*** Opening DATASET EXCERPT ***

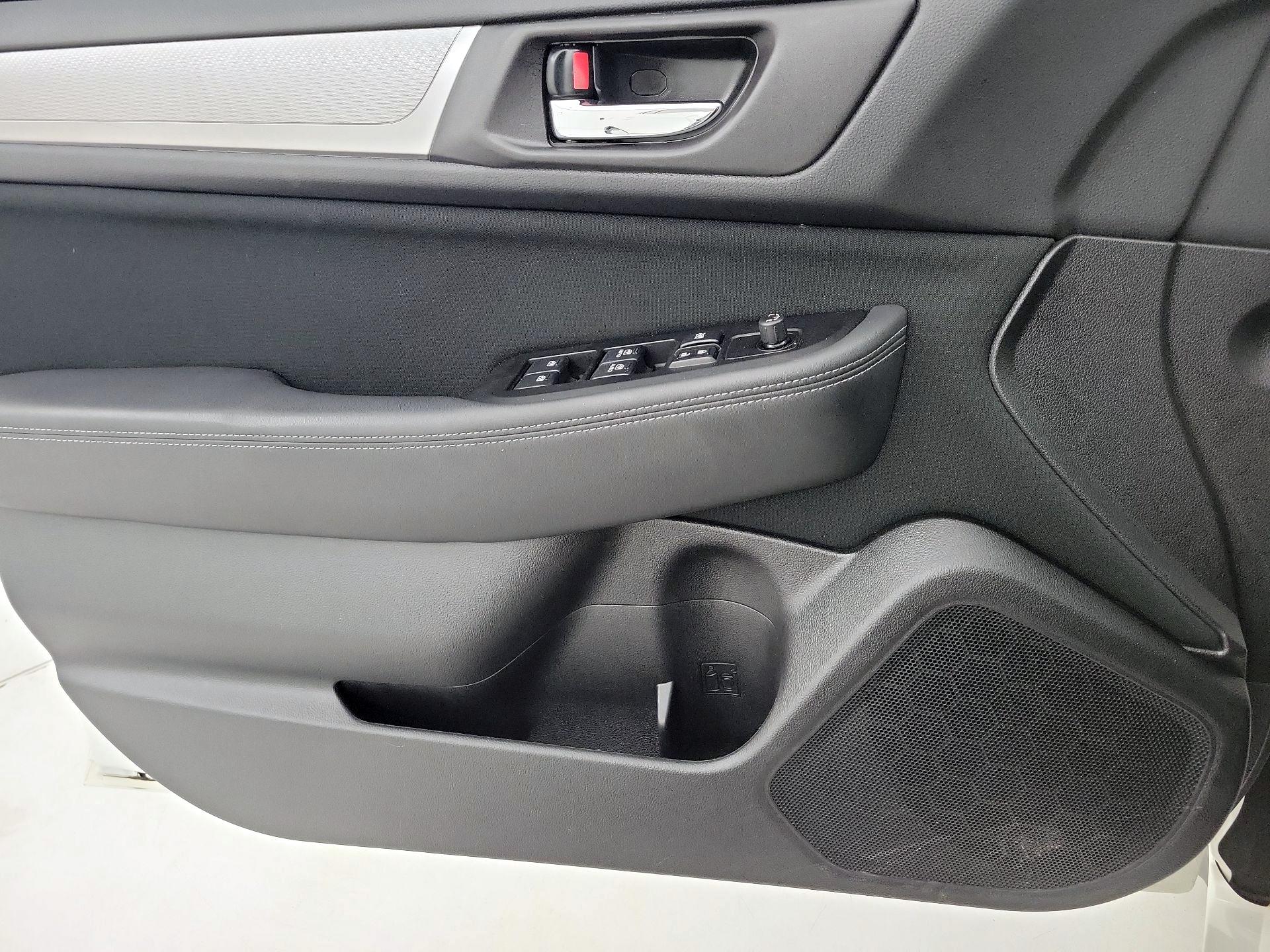 Thumbnail: 2015 Subaru Legacy - 12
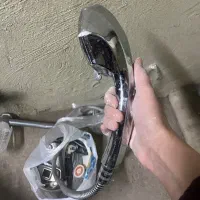 دوش و شیرآلات و استند حمام و دستمال توالت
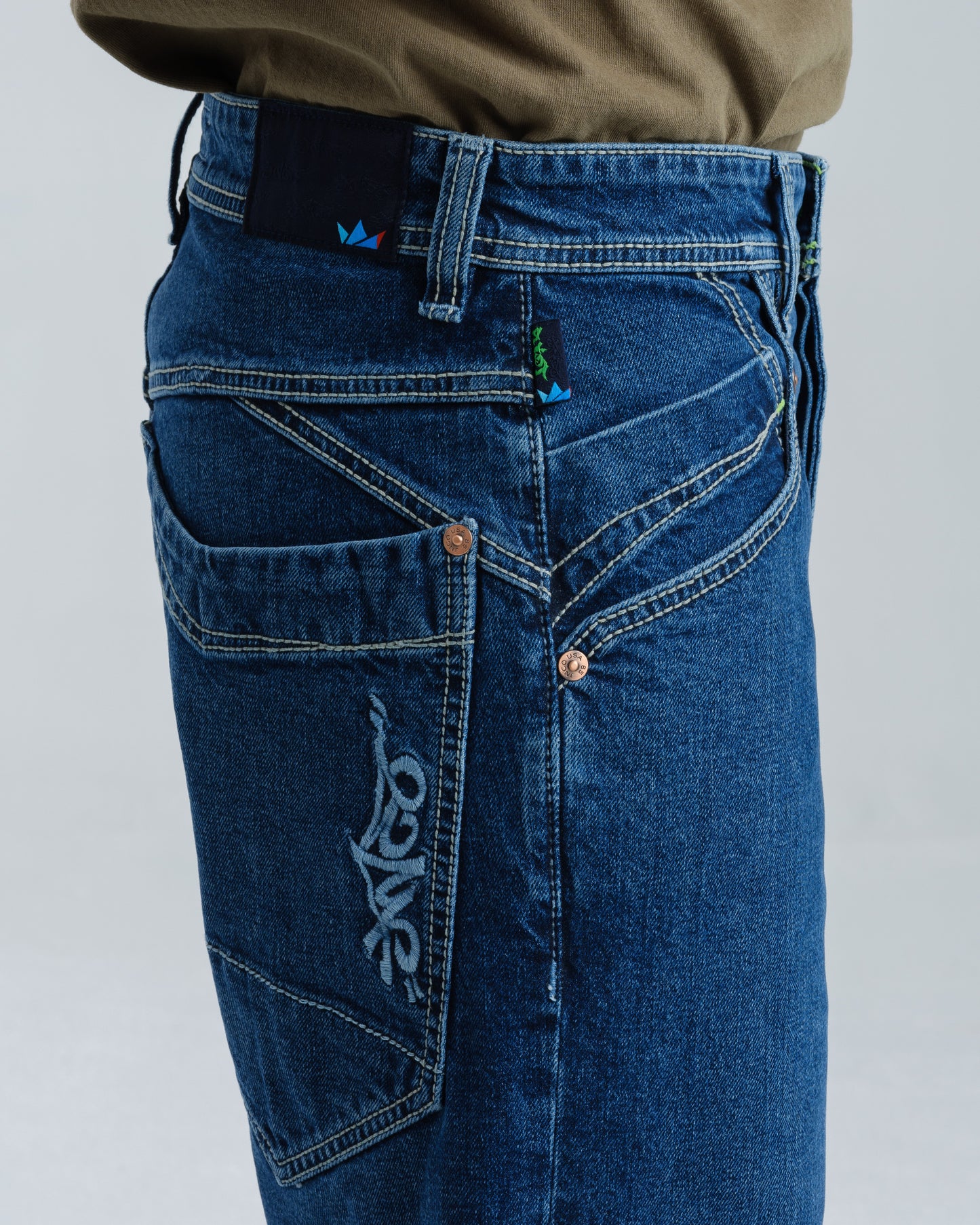 Pivot. 21". Hand-Sand Dark Stone.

*** Closing DATASET EXCERPT ***

In the data above, find the line with "دوش و شیرآلات و استند حمام و دستمال توالت" and repeat it and every line after it through the end, exactly; leave the pictures out.

EXERCISE SOLUTION:
 دوش و شیرآلات و استند حمام و دستمال توالت
 Pivot. 21". Hand-Sand Dark Stone.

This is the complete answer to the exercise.